Clinical Research in Cardiology

, Volume 104, Issue 10, pp 843–849 | Cite as

Cardiac shock wave therapy and myocardial perfusion in severe coronary artery disease

  • M. Kaller
  • L. Faber
  • N. Bogunovic
  • D. Horstkotte
  • W. Burchert
  • Oliver Lindner
Open Access
Original Paper

Abstract

Background

Ultrasound guided cardiac shock wave therapy (CSWT) is a noninvasive therapeutic option in the treatment of chronic-refractory angina. Clinical trials have shown that CSWT reduces angina symptoms, improves regional systolic function, LV ejection fraction, myocardial perfusion and quality of life parameters. Absolute measurements of myocardial perfusion before and after CSWT have not been performed so far.

Methods and results

We studied a total of 21 CCS III patients with history of CAD and multiple interventions who suffered from disabling angina despite individually optimized medical therapy. An N-13 NH3 PET perfusion scan under adenosine was performed before and after CSWT treatment. CSWT was well tolerated in all patients. Absolute perfusion under adenosine of the global left-ventricular myocardium did not change under therapy or minimal coronary resistance. The treated segments, however, showed in terms of both perfusion and resistance a mild but significant improvement, by 11 and 15 %, respectively, whereas no change could be observed in the remote segments. Considering a threshold of increased perfusion of 5 %, 10 (77 %) out of 13 patients with a better target perfusion improved in their CCS class, whereas 3 (43 %) out of 7 patients without improved target perfusion improved in their CCS class too.

Conclusion

Standard CSWT has the potential to improve myocardial perfusion of the therapy zone and clinical CAD symptomatology without affecting global myocardial perfusion. As a noninvasive and well tolerated therapeutic option, these data suggest the use of CSWT in patients with end-stage CAD.

Keywords

Coronary artery disease Cardiac shock wave therapy Refractory angina Myocardial perfusion imaging PET 

Introduction

Coronary artery disease (CAD) is one of the leading causes of morbidity and mortality in industrialized countries. Several therapeutic options for chronic CAD are available. They include medical treatment, percutaneous coronary intervention (PCI), and coronary artery bypass surgery. Despite excellent interventional results, an increasing number of patients with advanced CAD not suitable for any intervention suffer from chronic angina inspite of optimal medical therapy [1, 2]. It has been shown that persistent angina symptoms are associated with long-term anxiety, depressions, impaired physical functioning and QOL [3]. Therefore, several alternative therapeutic approaches, including epidural spinal cord stimulation (SCS) [4], enhanced external counterpulsation (EECP) [5], transmyocardial laser revascularization (TMR) [6], or induction of angiogenesis by protein, gene stem cell-based therapies [7] have been proposed. These alternatives are invasive, still at a preclinical stage, or already outdated.

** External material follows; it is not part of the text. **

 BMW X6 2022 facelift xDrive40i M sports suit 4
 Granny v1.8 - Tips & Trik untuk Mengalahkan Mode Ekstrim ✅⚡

Ultrasound guided cardiac shock wave therapy (CSWT) is another noninvasive therapeutic option in the treatment of chronic-refractory angina. Physically, a shock wave pulse is a single sharp pressure pulse with amplitude up to 100 MPa, followed by a tensile part of several microseconds with lower amplitude.

Animal studies have suggested that CSWT promoted angiogenesis in ischemic myocardium by mRNA expression of vascular endothelial growth factor (VEGF), endothelial cell proliferation, and endothelial nitric oxide synthase (eNOS) expression [8, 9]. Furthermore, nonenzymatic nitric oxide production by CSWT could be demonstrated [10].

Clinical trials demonstrated that CSWT may reduce angina symptoms, improve regional systolic function, LV ejection fraction, myocardial blood flow and quality of life parameters [11, 12, 13, 14].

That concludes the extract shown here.